A moça não era Silas Malafaia e estou longe de ter a desenvoltura de Ricardo Boechat, mas esse tipo de vigilância é uma forma de violência que vem crescendo rápida e bizarramente.
Reconstruindo a conversa da melhor maneira possível:
– O senhor vai para o inferno, sabia?
– Opa? É comigo?
– Sim, sua alma vai para o inferno.
– Tá bom.
– Como assim “tá bom”?
– O inferno é beeeem melhor. Tem um monte de gente legal por lá.
– Pare de blasfemar! Pare de defender as abominações gays!

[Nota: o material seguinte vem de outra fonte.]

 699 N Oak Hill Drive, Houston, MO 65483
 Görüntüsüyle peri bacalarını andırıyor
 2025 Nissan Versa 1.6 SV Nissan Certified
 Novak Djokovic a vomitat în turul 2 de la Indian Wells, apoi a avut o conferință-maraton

– A senhora acha que se uma inteligência superiora existir, vai estar se preocupando em quem dá para quem? Tem outros buracos negros pelo universo, bem mais complexos, para ela se preocupar.
– Ela quem?
– Ela, ué, Deus.
– Como o senhor tem coragem de dizer que Deus é mulher?
– E a senhora, como tem coragem de dizer que Deus é homem? Se eu tivesse que desenhar Deus, ela seria mulher, trans e negra.

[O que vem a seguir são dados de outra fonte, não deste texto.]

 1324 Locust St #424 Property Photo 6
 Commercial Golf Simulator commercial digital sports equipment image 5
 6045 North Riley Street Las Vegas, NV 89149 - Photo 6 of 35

– O senhor não conhece as sagradas escrituras para dizer isso.
– Olha, nove anos frequentando escola adventista, tendo feito comunhão e crisma em igreja católica, ter sido até coroinha, sem contar a participação em grupos de jovens da igreja, me dão algum conhecimento sim.

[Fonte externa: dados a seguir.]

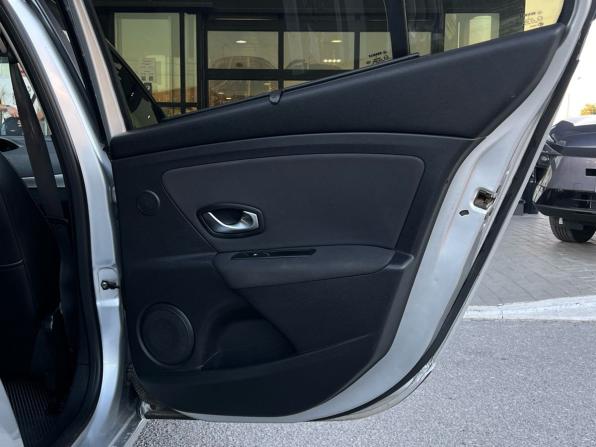 Renault Fluence I с пробегом 2010 года, цена 699 000 рублей, 208700 км, седан, Автокод Объявления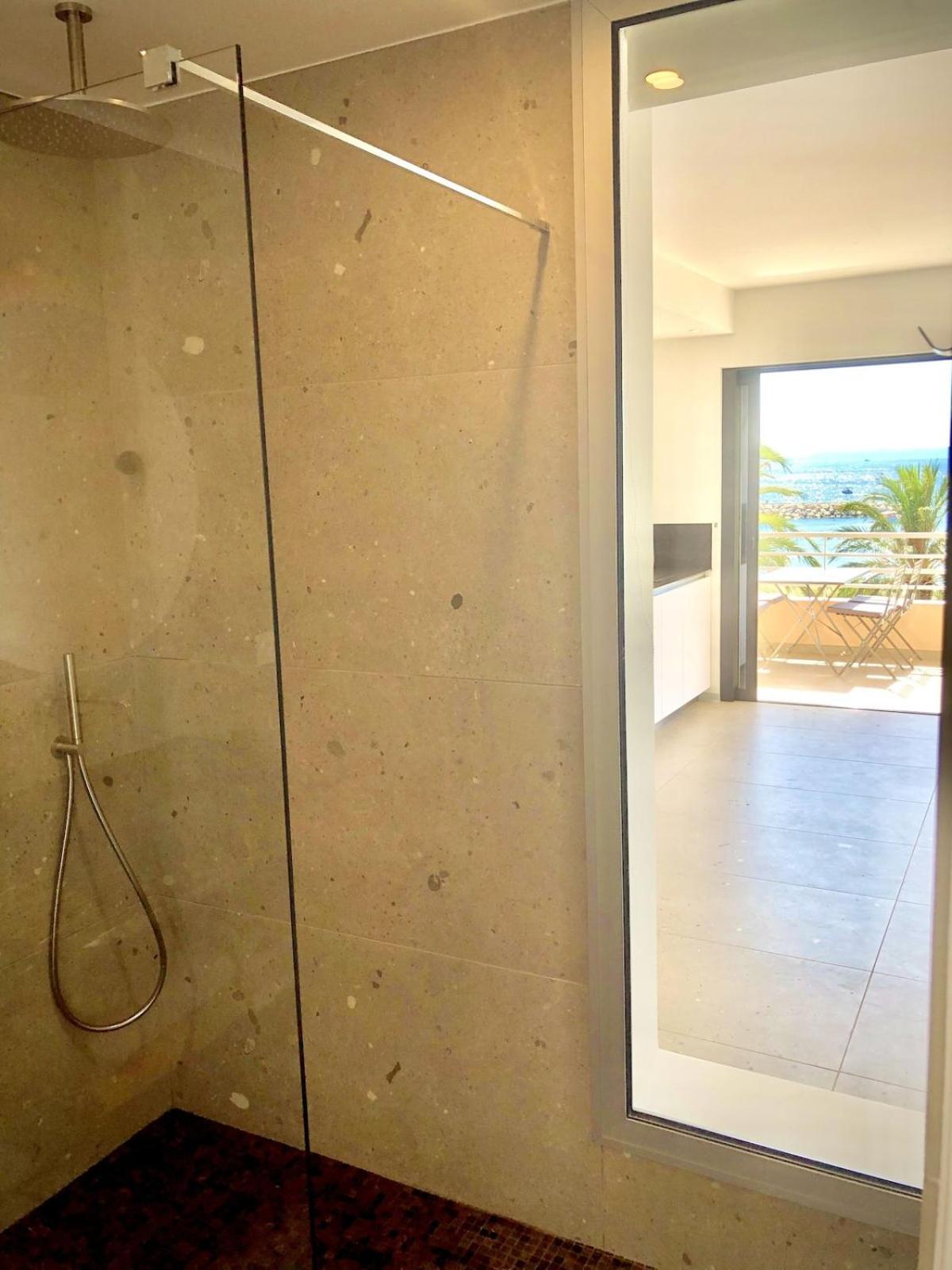 Appartement T3 Lumineux Traversant Totalement Neuf En Face De La Plage Front De Mer Vue Sur Les Iles Vue Mer Panoramique Assuree Residence De La Plage Centre Ville Du Lavandou 3Eme Etage Avec Ascenseur Appartement T3 Le Lavandou Exterior photo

– Isso não significa nada.
– Decerto. Mas posso citar alguns trechos da bíblia se preferir. Quer um pouco de Malaquias? Gosto muito de Malaquias. Principalmente a passagem sobre o desvio do dízimo (capítulo 3, versículo 9): “Com maldição serás amaldiçoados, porque a mim me roubais, vós, a nação toda”. E como vai o dízimo da sua igreja? Bem empregado no bem comum?
– A sua hora vai chegar.
– A de todos nós, por certo.
– O senhor acha que estamos brincando?
– O pior é que não acho. E esse é o problema.